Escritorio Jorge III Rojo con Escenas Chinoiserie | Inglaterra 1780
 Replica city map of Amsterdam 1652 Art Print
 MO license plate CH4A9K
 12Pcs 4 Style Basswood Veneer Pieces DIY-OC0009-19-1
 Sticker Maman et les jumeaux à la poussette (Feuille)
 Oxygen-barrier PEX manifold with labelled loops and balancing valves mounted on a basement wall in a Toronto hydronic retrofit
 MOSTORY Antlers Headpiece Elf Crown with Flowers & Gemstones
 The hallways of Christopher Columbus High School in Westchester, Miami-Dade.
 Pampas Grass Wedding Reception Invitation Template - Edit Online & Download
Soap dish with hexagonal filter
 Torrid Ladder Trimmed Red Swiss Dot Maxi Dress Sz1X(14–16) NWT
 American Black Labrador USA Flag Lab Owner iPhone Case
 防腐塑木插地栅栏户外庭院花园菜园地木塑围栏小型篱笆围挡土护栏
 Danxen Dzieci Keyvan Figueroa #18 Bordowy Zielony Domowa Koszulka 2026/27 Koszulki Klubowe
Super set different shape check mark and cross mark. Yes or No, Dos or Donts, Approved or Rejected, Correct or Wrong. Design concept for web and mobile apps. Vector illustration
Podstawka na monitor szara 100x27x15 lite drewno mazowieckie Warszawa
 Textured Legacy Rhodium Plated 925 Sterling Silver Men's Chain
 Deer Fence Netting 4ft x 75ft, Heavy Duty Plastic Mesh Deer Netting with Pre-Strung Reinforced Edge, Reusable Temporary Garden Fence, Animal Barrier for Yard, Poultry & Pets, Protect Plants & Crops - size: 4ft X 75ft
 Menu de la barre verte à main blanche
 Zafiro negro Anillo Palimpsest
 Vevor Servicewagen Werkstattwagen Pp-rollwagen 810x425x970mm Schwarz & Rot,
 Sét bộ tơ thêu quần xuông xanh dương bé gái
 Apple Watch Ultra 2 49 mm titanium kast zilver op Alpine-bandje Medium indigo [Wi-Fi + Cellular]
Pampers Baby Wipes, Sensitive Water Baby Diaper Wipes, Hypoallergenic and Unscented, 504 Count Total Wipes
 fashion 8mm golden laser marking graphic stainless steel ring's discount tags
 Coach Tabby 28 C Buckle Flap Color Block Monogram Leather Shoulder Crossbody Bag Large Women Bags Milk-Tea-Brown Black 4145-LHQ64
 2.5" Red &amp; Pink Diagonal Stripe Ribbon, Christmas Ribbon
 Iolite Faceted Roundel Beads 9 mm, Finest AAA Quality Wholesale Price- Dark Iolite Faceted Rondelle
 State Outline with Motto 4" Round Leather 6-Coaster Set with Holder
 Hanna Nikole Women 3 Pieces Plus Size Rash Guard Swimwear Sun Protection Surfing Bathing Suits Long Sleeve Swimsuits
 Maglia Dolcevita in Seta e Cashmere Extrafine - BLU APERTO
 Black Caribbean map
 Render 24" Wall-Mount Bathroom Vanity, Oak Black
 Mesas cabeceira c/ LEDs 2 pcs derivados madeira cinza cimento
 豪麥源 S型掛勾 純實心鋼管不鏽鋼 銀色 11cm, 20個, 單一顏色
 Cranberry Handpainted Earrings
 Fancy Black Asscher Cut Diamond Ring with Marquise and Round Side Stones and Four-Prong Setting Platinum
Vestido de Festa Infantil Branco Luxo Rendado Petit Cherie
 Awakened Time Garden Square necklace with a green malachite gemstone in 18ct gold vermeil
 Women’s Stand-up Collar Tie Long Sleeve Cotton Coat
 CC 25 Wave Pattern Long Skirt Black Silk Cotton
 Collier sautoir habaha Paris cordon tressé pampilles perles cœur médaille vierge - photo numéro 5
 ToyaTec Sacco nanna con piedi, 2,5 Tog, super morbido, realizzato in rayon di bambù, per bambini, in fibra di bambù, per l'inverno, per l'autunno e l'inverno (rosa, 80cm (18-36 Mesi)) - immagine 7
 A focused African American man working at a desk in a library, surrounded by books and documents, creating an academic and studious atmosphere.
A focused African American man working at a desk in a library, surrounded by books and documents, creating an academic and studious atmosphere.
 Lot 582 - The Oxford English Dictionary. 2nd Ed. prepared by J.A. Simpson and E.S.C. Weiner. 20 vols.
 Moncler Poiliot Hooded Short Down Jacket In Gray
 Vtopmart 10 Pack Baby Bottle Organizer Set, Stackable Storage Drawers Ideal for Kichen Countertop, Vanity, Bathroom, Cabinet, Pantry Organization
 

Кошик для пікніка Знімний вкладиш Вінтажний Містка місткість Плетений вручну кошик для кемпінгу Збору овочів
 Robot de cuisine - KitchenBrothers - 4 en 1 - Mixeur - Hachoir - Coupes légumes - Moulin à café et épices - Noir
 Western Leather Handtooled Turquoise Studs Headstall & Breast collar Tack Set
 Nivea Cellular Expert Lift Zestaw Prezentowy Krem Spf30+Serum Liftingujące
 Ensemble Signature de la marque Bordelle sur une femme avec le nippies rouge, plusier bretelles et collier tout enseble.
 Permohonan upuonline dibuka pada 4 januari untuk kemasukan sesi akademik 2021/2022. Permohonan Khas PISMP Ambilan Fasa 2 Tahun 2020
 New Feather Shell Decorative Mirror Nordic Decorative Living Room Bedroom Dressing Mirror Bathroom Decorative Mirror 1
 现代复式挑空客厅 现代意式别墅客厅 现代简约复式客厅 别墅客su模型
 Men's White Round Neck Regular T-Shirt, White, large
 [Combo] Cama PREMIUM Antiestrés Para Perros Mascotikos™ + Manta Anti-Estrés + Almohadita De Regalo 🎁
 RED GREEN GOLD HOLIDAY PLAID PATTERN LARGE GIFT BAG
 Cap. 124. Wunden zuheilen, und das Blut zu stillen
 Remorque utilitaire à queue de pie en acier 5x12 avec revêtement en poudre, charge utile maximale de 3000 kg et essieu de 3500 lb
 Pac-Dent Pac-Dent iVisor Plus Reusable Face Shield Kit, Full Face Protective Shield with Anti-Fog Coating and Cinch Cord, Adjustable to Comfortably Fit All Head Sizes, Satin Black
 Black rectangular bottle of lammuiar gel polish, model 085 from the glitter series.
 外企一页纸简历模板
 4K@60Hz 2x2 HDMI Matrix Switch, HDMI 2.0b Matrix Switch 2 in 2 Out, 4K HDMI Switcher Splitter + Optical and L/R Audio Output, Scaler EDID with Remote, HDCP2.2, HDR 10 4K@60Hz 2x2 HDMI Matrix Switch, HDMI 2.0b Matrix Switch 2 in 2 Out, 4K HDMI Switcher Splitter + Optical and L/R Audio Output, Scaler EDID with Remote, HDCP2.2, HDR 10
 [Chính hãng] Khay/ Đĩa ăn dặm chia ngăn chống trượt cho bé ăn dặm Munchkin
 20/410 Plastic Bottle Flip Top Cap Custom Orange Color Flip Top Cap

> [Assigned task] The response must consist solely of the lines from the first line of the entries through the line containing "Sét bộ tơ thêu quần xuông xanh dương bé gái", repeated exactly.

> [Solution]
Escritorio Jorge III Rojo con Escenas Chinoiserie | Inglaterra 1780
 Replica city map of Amsterdam 1652 Art Print
 MO license plate CH4A9K
 12Pcs 4 Style Basswood Veneer Pieces DIY-OC0009-19-1
 Sticker Maman et les jumeaux à la poussette (Feuille)
 Oxygen-barrier PEX manifold with labelled loops and balancing valves mounted on a basement wall in a Toronto hydronic retrofit
 MOSTORY Antlers Headpiece Elf Crown with Flowers & Gemstones
 The hallways of Christopher Columbus High School in Westchester, Miami-Dade.
 Pampas Grass Wedding Reception Invitation Template - Edit Online & Download
Soap dish with hexagonal filter
 Torrid Ladder Trimmed Red Swiss Dot Maxi Dress Sz1X(14–16) NWT
 American Black Labrador USA Flag Lab Owner iPhone Case
 防腐塑木插地栅栏户外庭院花园菜园地木塑围栏小型篱笆围挡土护栏
 Danxen Dzieci Keyvan Figueroa #18 Bordowy Zielony Domowa Koszulka 2026/27 Koszulki Klubowe
Super set different shape check mark and cross mark. Yes or No, Dos or Donts, Approved or Rejected, Correct or Wrong. Design concept for web and mobile apps. Vector illustration
Podstawka na monitor szara 100x27x15 lite drewno mazowieckie Warszawa
 Textured Legacy Rhodium Plated 925 Sterling Silver Men's Chain
 Deer Fence Netting 4ft x 75ft, Heavy Duty Plastic Mesh Deer Netting with Pre-Strung Reinforced Edge, Reusable Temporary Garden Fence, Animal Barrier for Yard, Poultry & Pets, Protect Plants & Crops - size: 4ft X 75ft
 Menu de la barre verte à main blanche
 Zafiro negro Anillo Palimpsest
 Vevor Servicewagen Werkstattwagen Pp-rollwagen 810x425x970mm Schwarz & Rot,
 Sét bộ tơ thêu quần xuông xanh dương bé gái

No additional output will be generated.